START Listed records
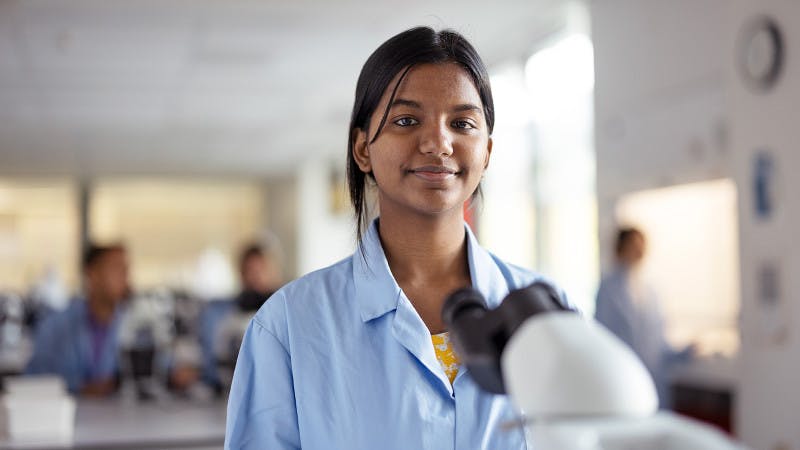 A New Zealand international student in a lab coat, standing behind a microscope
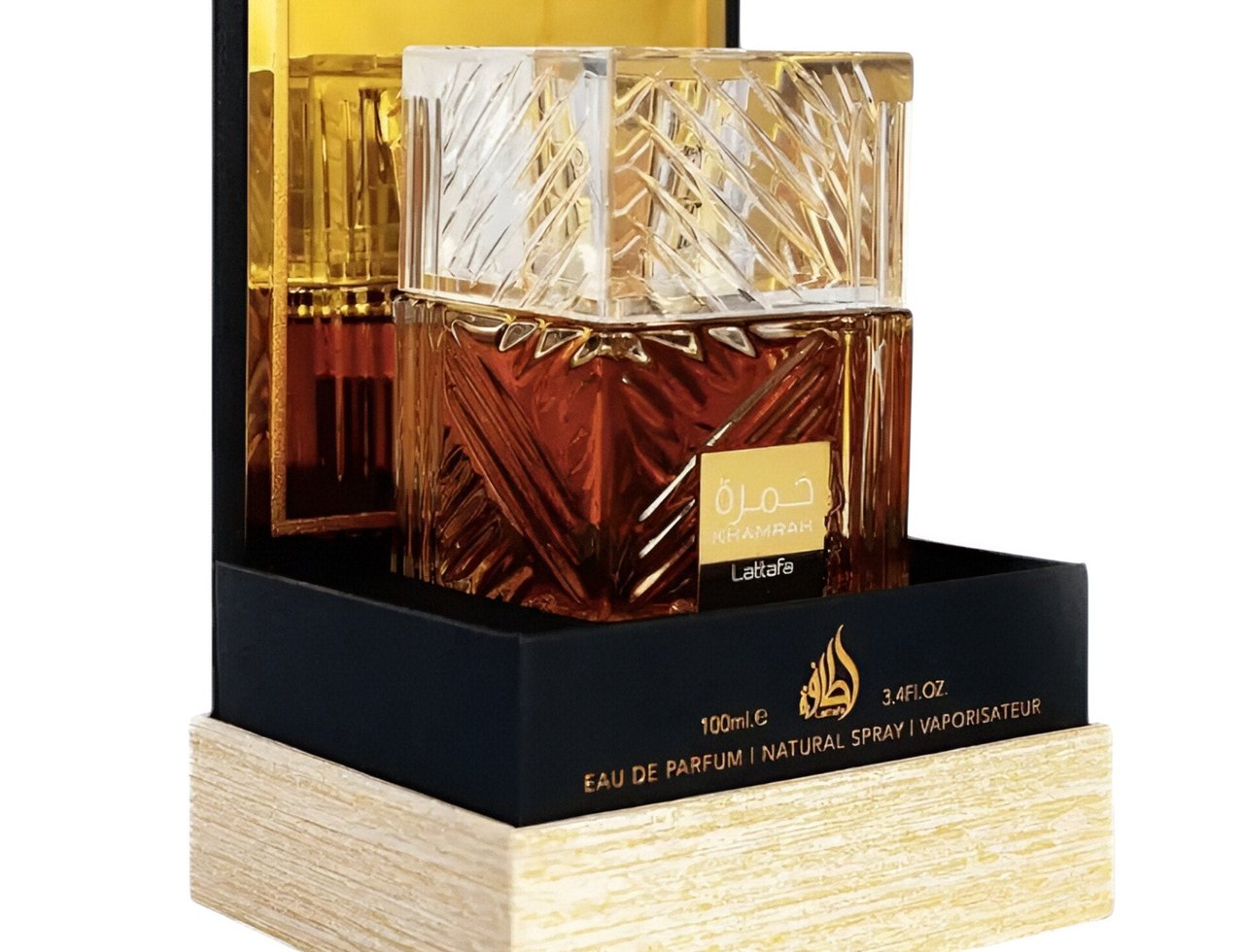 Lattafa Khamrah by Lattafa 100ml EDP Unisex — Botol minyak wangi kaca perang amber dengan penutup jernih berfaset, dipamerkan dalam kotak hitam dan emas dengan tapak bertekstur kayu.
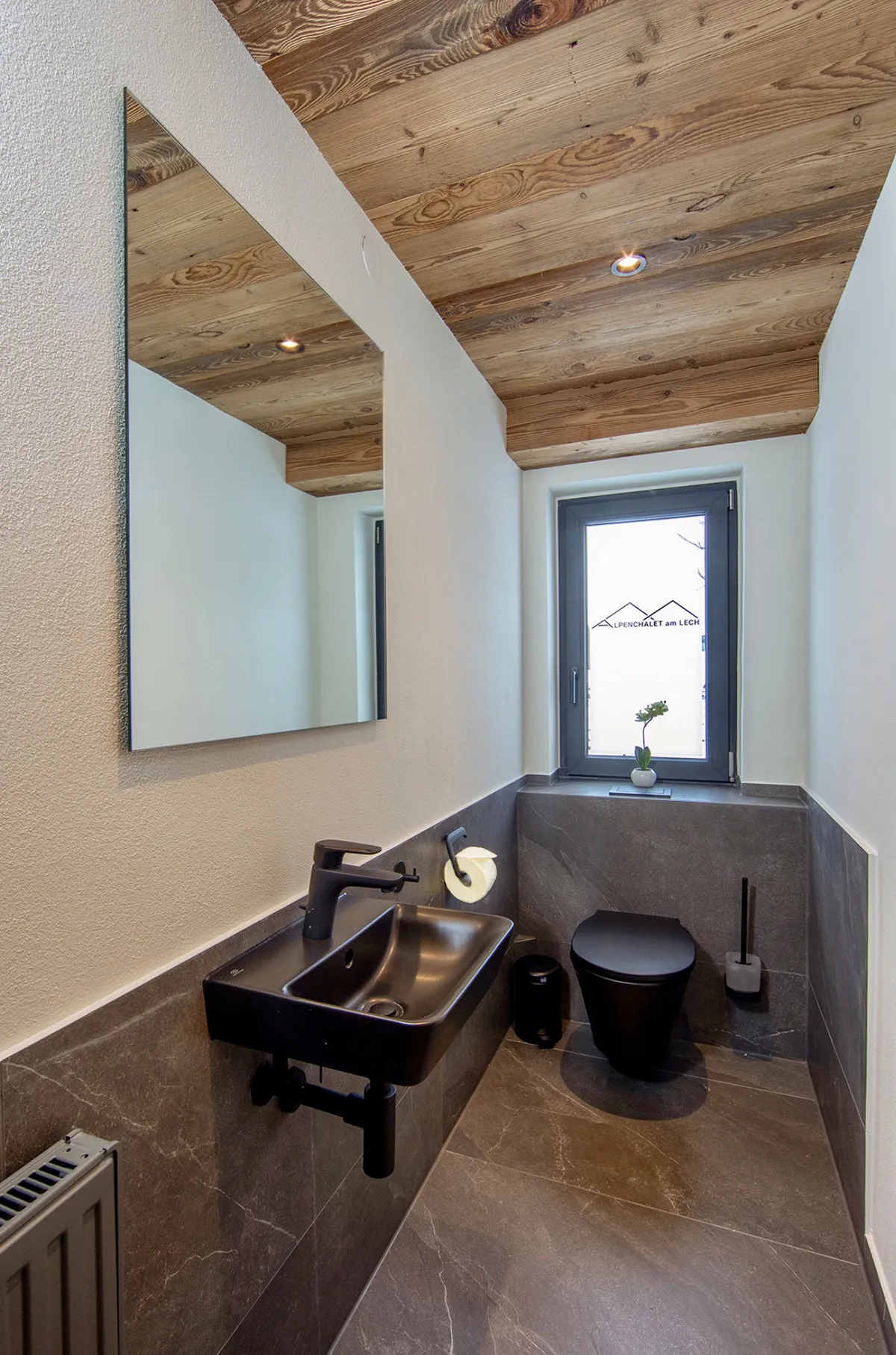 Modern small bathroom with black wall-mounted sink, black toilet, gray tiles, wooden ceiling, and a window with a small plant on the sill.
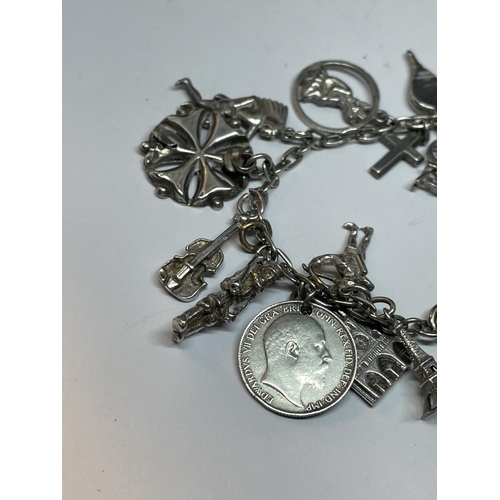 609 - A SILVER CHARM BRACELET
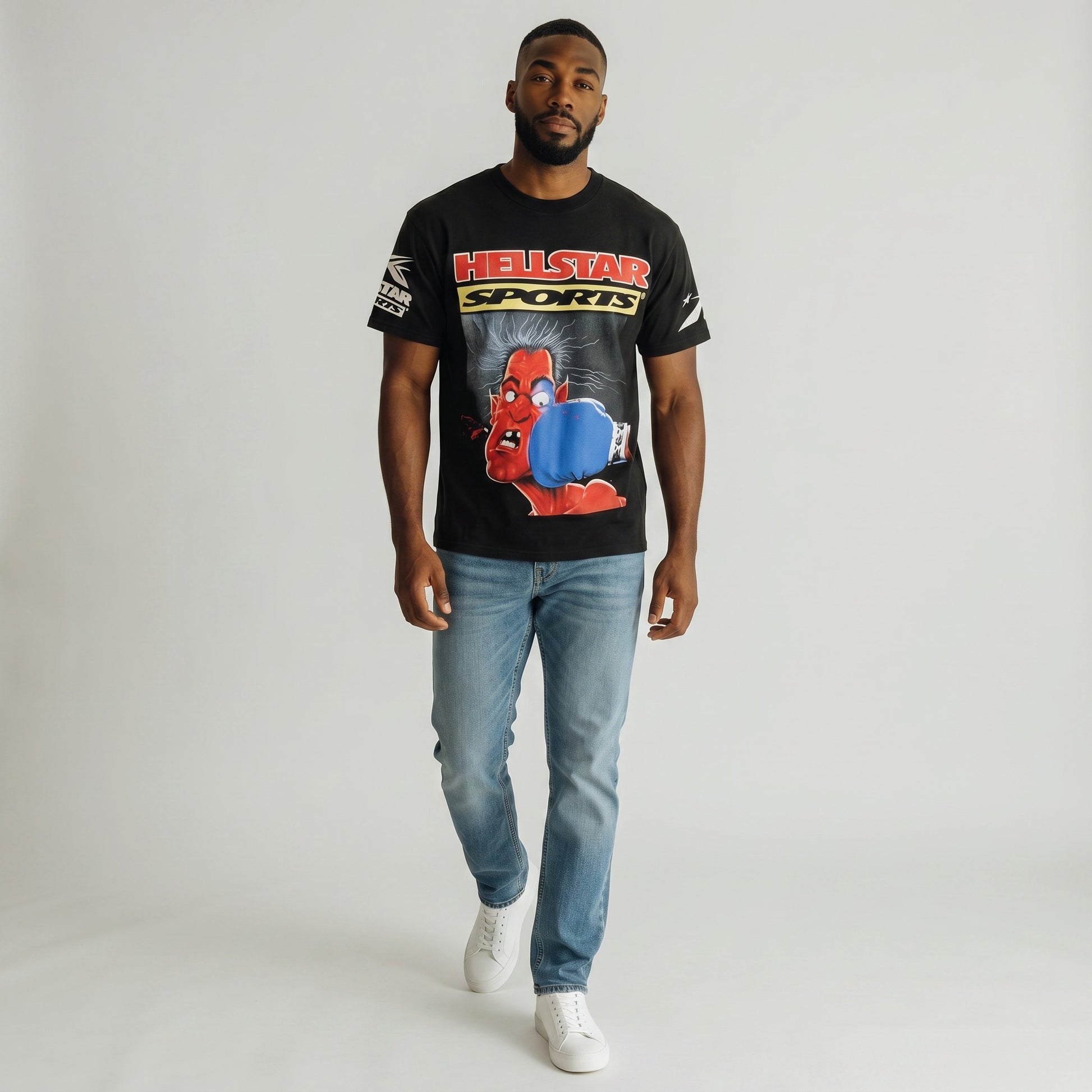 OFFCODE.USA black short-sleeved cotton t-shirt with a graphic print of a red devil being punched in the face by a blue boxing glove, with "HELLSTAR SPORTS" text.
END Listed records
▶ What the task asks:
Find the line with "Modern small bathroom". Reproduce it and every line after it through the last line above exactly, leaving out the pictures.

▶ Solution:
 Modern small bathroom with black wall-mounted sink, black toilet, gray tiles, wooden ceiling, and a window with a small plant on the sill.
 609 - A SILVER CHARM BRACELET
 OFFCODE.USA black short-sleeved cotton t-shirt with a graphic print of a red devil being punched in the face by a blue boxing glove, with "HELLSTAR SPORTS" text.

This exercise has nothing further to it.